From: Christian Brauner <brauner@kernel.org>
To: Jann Horn <jannh@google.com>
Cc: "Eric Dumazet" <edumazet@google.com>,
"Kuniyuki Iwashima" <kuniyu@amazon.com>,
"Oleg Nesterov" <oleg@redhat.com>,
linux-fsdevel@vger.kernel.org,
"David S. Miller" <davem@davemloft.net>,
"Alexander Viro" <viro@zeniv.linux.org.uk>,
"Daan De Meyer" <daan.j.demeyer@gmail.com>,
"David Rheinsberg" <david@readahead.eu>,
"Jakub Kicinski" <kuba@kernel.org>, "Jan Kara" <jack@suse.cz>,
"Lennart Poettering" <lennart@poettering.net>,
"Luca Boccassi" <bluca@debian.org>, "Mike Yuan" <me@yhndnzj.com>,
"Paolo Abeni" <pabeni@redhat.com>,
"Simon Horman" <horms@kernel.org>,
"Zbigniew Jędrzejewski-Szmek" <zbyszek@in.waw.pl>,
linux-kernel@vger.kernel.org, netdev@vger.kernel.org,
"Alexander Mikhalitsyn" <alexander@mihalicyn.com>
Subject: Re: [PATCH RFC v3 04/10] coredump: add coredump socket
Date: Mon, 5 May 2025 16:46:23 +0200 [thread overview]
Message-ID: <20250505-gedrillt-luchs-8ee39d639078@brauner> (raw)
In-Reply-To: <CAG48ez2PNFmaMCg9u7febjDgYytxi5eB-261sZBHrfBcTgavfA@mail.gmail.com>
On Mon, May 05, 2025 at 02:55:18PM +0200, Jann Horn wrote:
> On Mon, May 5, 2025 at 1:14 PM Christian Brauner <brauner@kernel.org> wrote:
> > Coredumping currently supports two modes:
> >
> > (1) Dumping directly into a file somewhere on the filesystem.

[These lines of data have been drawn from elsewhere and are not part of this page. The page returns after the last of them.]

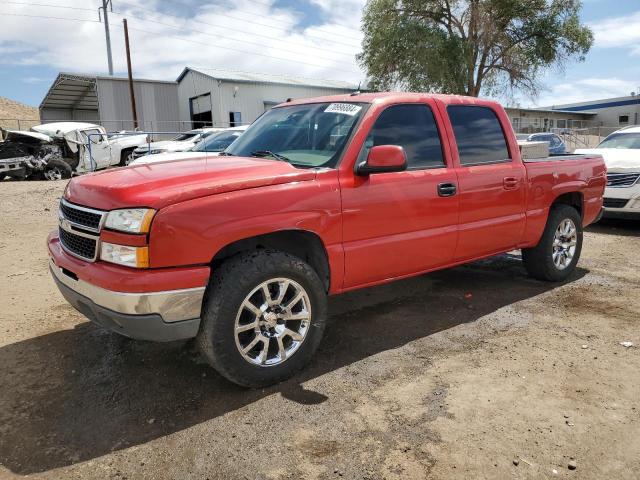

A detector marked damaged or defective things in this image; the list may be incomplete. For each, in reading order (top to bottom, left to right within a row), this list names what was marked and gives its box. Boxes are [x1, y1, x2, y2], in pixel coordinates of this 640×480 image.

wrecked white car [0, 123, 120, 181]
damaged car hood [64, 155, 316, 209]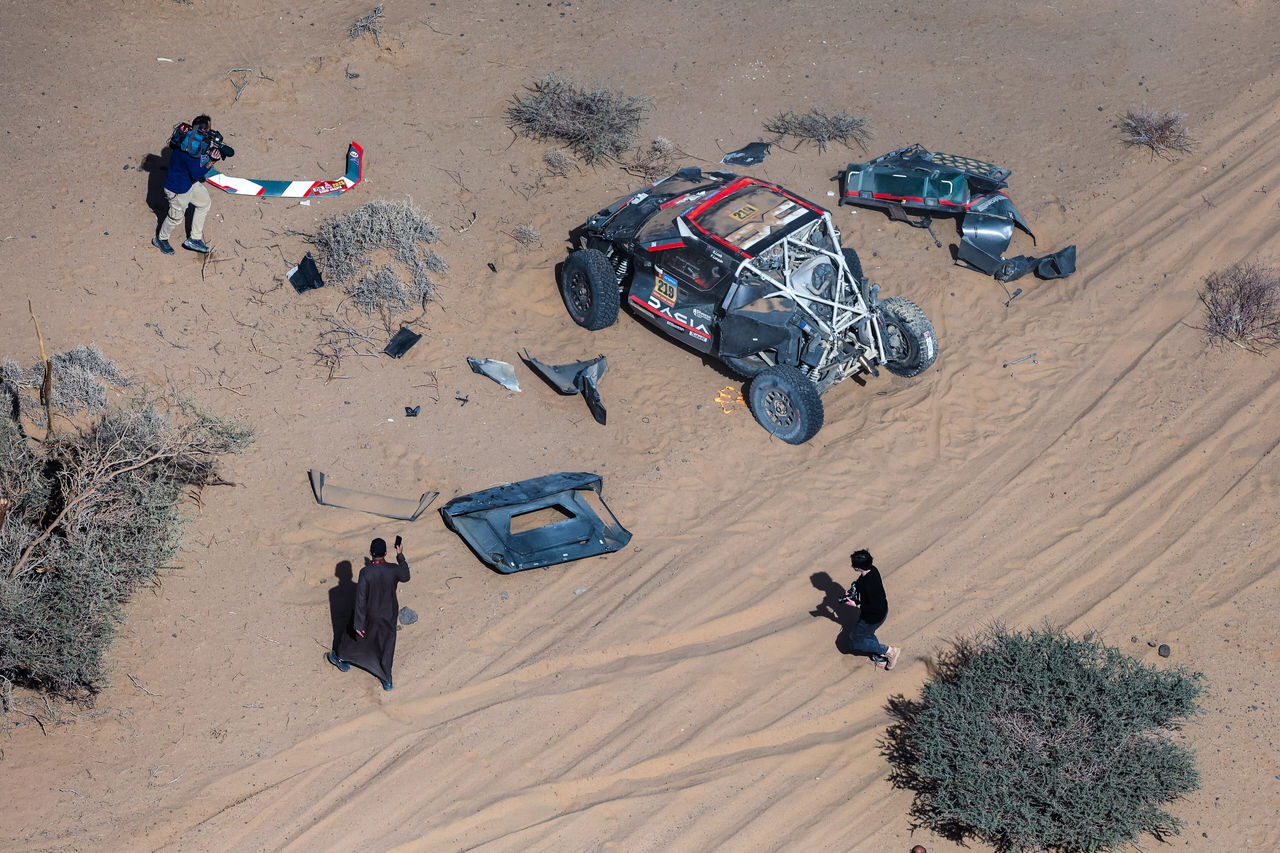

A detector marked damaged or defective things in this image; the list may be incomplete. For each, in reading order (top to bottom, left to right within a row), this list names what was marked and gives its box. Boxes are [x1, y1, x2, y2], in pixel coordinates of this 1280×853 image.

crashed rally buggy [560, 167, 942, 445]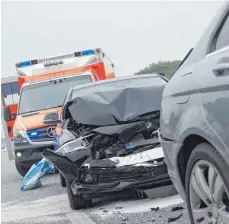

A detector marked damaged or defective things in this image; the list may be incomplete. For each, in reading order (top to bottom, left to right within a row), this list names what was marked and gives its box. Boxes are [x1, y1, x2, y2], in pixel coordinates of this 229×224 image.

windshield of damaged car [18, 75, 92, 114]
windshield of damaged car [71, 75, 166, 97]
damaged black car [43, 74, 171, 209]
shattered plastic debris [20, 158, 54, 191]
broken bumper hanging down [42, 145, 170, 198]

> > (2) Dumping into a pipe connected to a usermode helper process
> > spawned as a child of the system_unbound_wq or kthreadd.
> >
> > For simplicity I'm mostly ignoring (1). There's probably still some
> > users of (1) out there but processing coredumps in this way can be
> > considered adventurous especially in the face of set*id binaries.
> >
> > The most common option should be (2) by now. It works by allowing
> > userspace to put a string into /proc/sys/kernel/core_pattern like:
> >
> > |/usr/lib/systemd/systemd-coredump %P %u %g %s %t %c %h
> >
> > The "|" at the beginning indicates to the kernel that a pipe must be
> > used. The path following the pipe indicator is a path to a binary that
> > will be spawned as a usermode helper process. Any additional parameters
> > pass information about the task that is generating the coredump to the
> > binary that processes the coredump.
> >
> > In the example core_pattern shown above systemd-coredump is spawned as a
> > usermode helper. There's various conceptual consequences of this
> > (non-exhaustive list):
> >
> > - systemd-coredump is spawned with file descriptor number 0 (stdin)

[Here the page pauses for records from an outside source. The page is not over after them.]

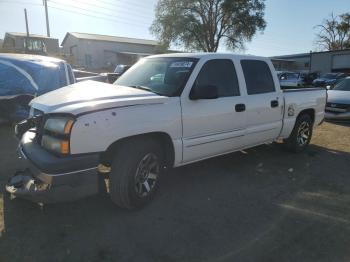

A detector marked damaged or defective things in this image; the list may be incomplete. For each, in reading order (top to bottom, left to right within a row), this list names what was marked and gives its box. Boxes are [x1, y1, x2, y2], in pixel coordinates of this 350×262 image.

torn bumper cover [6, 132, 100, 204]
damaged front bumper [6, 132, 100, 204]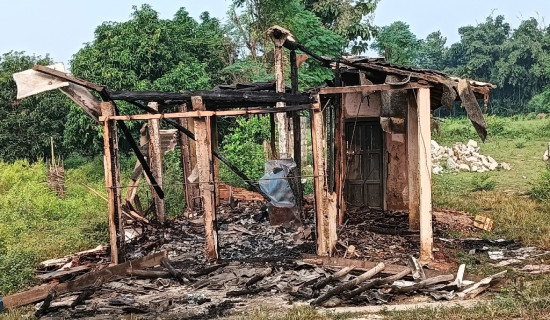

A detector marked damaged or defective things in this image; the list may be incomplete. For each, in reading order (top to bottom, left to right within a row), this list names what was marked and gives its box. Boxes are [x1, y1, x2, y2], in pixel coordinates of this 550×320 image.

scorched timber [108, 90, 314, 106]
burned wooden structure [11, 26, 496, 270]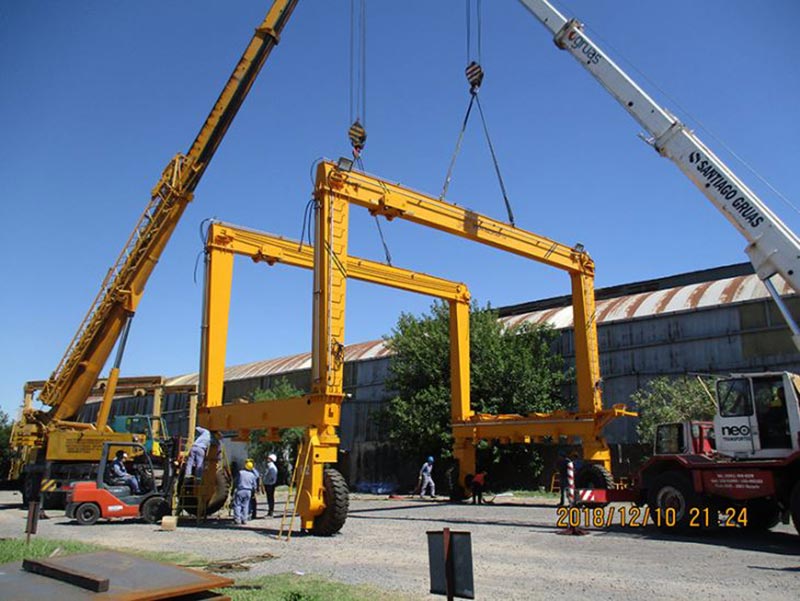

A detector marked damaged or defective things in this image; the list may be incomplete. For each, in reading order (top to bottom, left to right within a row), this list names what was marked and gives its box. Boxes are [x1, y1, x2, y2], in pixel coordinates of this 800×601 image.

rusty metal roof [166, 272, 792, 384]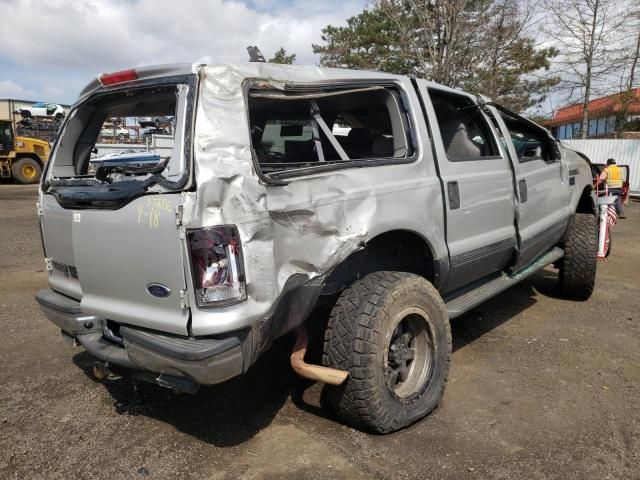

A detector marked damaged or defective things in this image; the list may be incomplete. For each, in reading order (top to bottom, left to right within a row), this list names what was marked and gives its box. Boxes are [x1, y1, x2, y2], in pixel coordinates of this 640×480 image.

crumpled sheet metal [182, 64, 438, 342]
dented rear quarter panel [182, 63, 448, 338]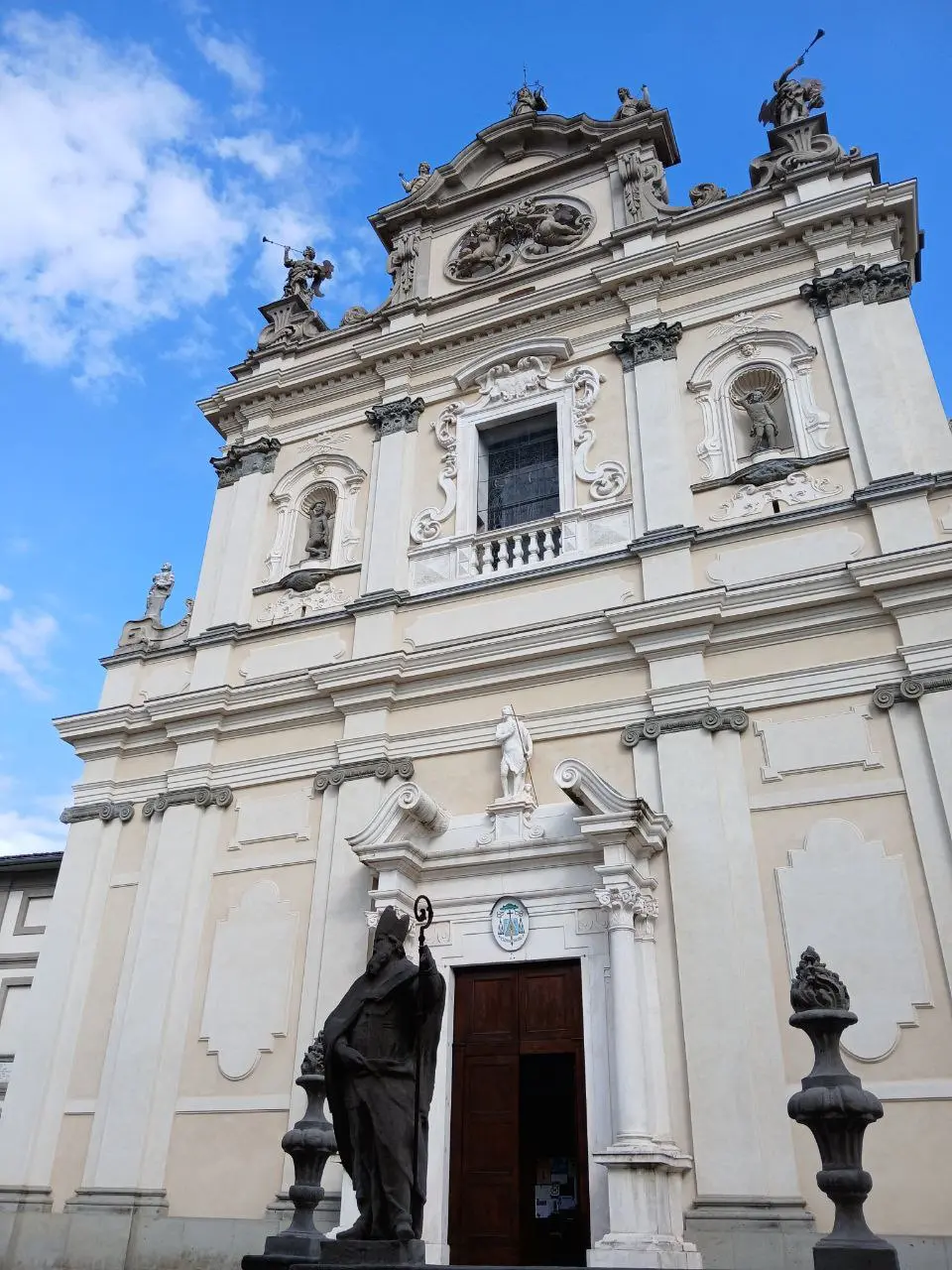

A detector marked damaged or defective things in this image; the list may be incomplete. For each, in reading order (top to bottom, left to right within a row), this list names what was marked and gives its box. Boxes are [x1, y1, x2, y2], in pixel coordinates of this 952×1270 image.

broken pediment [370, 109, 680, 250]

> > connected to the read-end of the pipe. All other file descriptors are
> > closed. That specifically includes 1 (stdout) and 2 (stderr). This has
> > already caused bugs because userspace assumed that this cannot happen
> > (Whether or not this is a sane assumption is irrelevant.).
> >
> > - systemd-coredump will be spawned as a child of system_unbound_wq. So
> > it is not a child of any userspace process and specifically not a
> > child of PID 1. It cannot be waited upon and is in a weird hybrid
> > upcall which are difficult for userspace to control correctly.
> >
> > - systemd-coredump is spawned with full kernel privileges. This
> > necessitates all kinds of weird privilege dropping excercises in
> > userspace to make this safe.
> >
> > - A new usermode helper has to be spawned for each crashing process.
> >
> > This series adds a new mode:
> >
> > (3) Dumping into an abstract AF_UNIX socket.
> >
> > Userspace can set /proc/sys/kernel/core_pattern to:
> >
> > @linuxafsk/coredump_socket
> >
> > The "@" at the beginning indicates to the kernel that the abstract
> > AF_UNIX coredump socket will be used to process coredumps.
> >
> > The coredump socket uses the fixed address "linuxafsk/coredump.socket"
> > for now.
> >
> > The coredump socket is located in the initial network namespace. To bind
> > the coredump socket userspace must hold CAP_SYS_ADMIN in the initial
> > user namespace. Listening and reading can happen from whatever
> > unprivileged context is necessary to safely process coredumps.
> >
> > When a task coredumps it opens a client socket in the initial network
> > namespace and connects to the coredump socket. For now only tasks that
> > are acctually coredumping are allowed to connect to the initial coredump
> > socket.
> >
> > - The coredump server should use SO_PEERPIDFD to get a stable handle on
> > the connected crashing task. The retrieved pidfd will provide a stable
> > reference even if the crashing task gets SIGKILLed while generating
> > the coredump.
> >
> > - By setting core_pipe_limit non-zero userspace can guarantee that the
> > crashing task cannot be reaped behind it's back and thus process all
> > necessary information in /proc/<pid>. The SO_PEERPIDFD can be used to
> > detect whether /proc/<pid> still refers to the same process.
> >
> > The core_pipe_limit isn't used to rate-limit connections to the
> > socket. This can simply be done via AF_UNIX socket directly.
> >
> > - The pidfd for the crashing task will contain information how the task
> > coredumps. The PIDFD_GET_INFO ioctl gained a new flag
> > PIDFD_INFO_COREDUMP which can be used to retreive the coredump
> > information.
> >
> > If the coredump gets a new coredump client connection the kernel
> > guarantees that PIDFD_INFO_COREDUMP information is available.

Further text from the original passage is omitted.